What is the meaning of this function?

pcshih avatar Aug 06 '19 08:08 pcshih

This function generates a summary from summary of 20 users in the dataset.

weirme avatar Aug 06 '19 10:08 weirme

The implementation is based on which paragraph of FSCN paper or other paper?

pcshih avatar Aug 06 '19 12:08 pcshih

Chapter 3.1 of this paper: Diverse sequential subset selection for supervised video summarization. In my implementation, the greedy algorithm selects the frame marked by the most users each time.

weirme avatar Aug 07 '19 01:08 weirme

After reading Chapter 3.1, I still cannot realize the process. Given 3 human summaries with 5 frames: A: [1,0,1,1,0] B: [0,0,1,0,0] C: [0,0,0,1,0]

How to get the final summary? First: calculate the select times of each frame -> [1,0,2,2,0] Second: I have no idea...

pcshih avatar Aug 07 '19 02:08 pcshih

In my implementation, initialize oracle summary as [0, 0, 0, 0, 0], and then pick the most selected frame (here the third), now the oracle summary will be [0, 0, 1, 0, 0]. Determine if the F-score between oracle summary and user summary increases after adding this frame. If true, continue to select next frame, otherwise it ends. But it is just my implementation, I didn't find a specific description of the greedy algorithm used in the paper. So I'm not sure if the algorithm is like this.

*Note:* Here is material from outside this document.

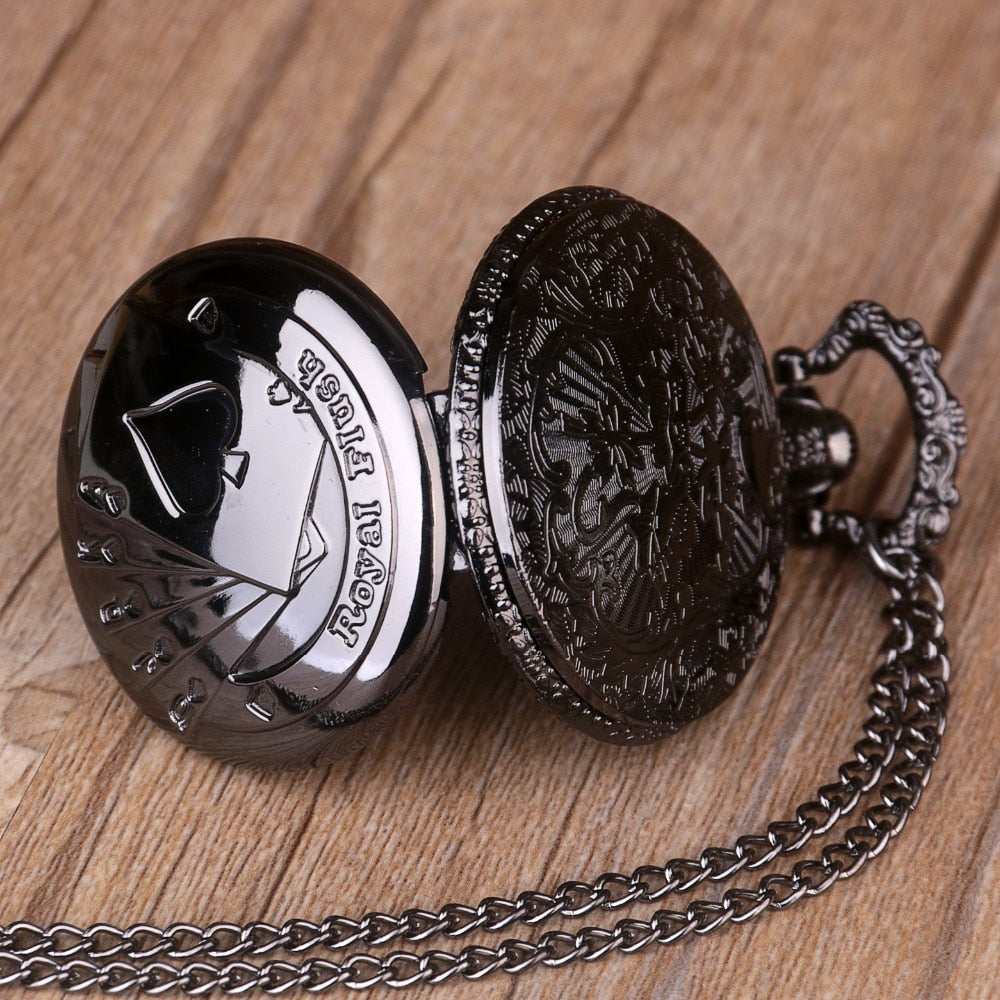 Montre A Gousset Poker - Royal Flush-Passion Steampunk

weirme avatar Aug 07 '19 03:08 weirme

Where is FCSN mentioned that they use "Diverse sequential subset selection for supervised video summarization" for generating a summary from summary of users?

pcshih avatar Aug 07 '19 03:08 pcshih

This method is mentioned in supplementary materials of paper Video Summarization with Long Short-term Memory.

weirme avatar Aug 07 '19 04:08 weirme

After I read the paragraph, I implement it.

https://github.com/pcshih/pytorch-FCSN/blob/7d4f874f6c71d5b279b6e26a6ee4882460230fc9/make_dataset.py#L84

Is my understanding identical to yours?

But the performance is quite bad...

pcshih avatar Aug 07 '19 06:08 pcshih

Have you print the final F-score between generated oracle summary and user summary?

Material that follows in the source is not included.